Your assignment: From the entries below, please output exactly the lines starting at the one containing "Beautiful Nemorosa**" and ending at the one containing "داود حسن الأهدل", both included.

Records shown:
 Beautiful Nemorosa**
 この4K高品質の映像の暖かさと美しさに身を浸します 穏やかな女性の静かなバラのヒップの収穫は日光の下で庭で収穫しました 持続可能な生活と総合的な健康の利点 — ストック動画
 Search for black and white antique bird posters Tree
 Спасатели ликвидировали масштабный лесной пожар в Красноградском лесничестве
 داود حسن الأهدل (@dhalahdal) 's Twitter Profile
* * *
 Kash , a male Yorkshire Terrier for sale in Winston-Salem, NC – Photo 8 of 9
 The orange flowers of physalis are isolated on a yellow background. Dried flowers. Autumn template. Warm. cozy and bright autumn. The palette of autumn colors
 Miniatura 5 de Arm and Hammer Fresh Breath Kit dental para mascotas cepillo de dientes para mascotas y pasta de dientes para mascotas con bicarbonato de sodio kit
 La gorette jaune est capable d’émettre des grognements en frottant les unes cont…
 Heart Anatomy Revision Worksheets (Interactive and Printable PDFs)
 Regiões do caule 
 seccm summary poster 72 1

Expected answer:
 Beautiful Nemorosa**
 この4K高品質の映像の暖かさと美しさに身を浸します 穏やかな女性の静かなバラのヒップの収穫は日光の下で庭で収穫しました 持続可能な生活と総合的な健康の利点 — ストック動画
 Search for black and white antique bird posters Tree
 Спасатели ликвидировали масштабный лесной пожар в Красноградском лесничестве
 داود حسن الأهدل (@dhalahdal) 's Twitter Profile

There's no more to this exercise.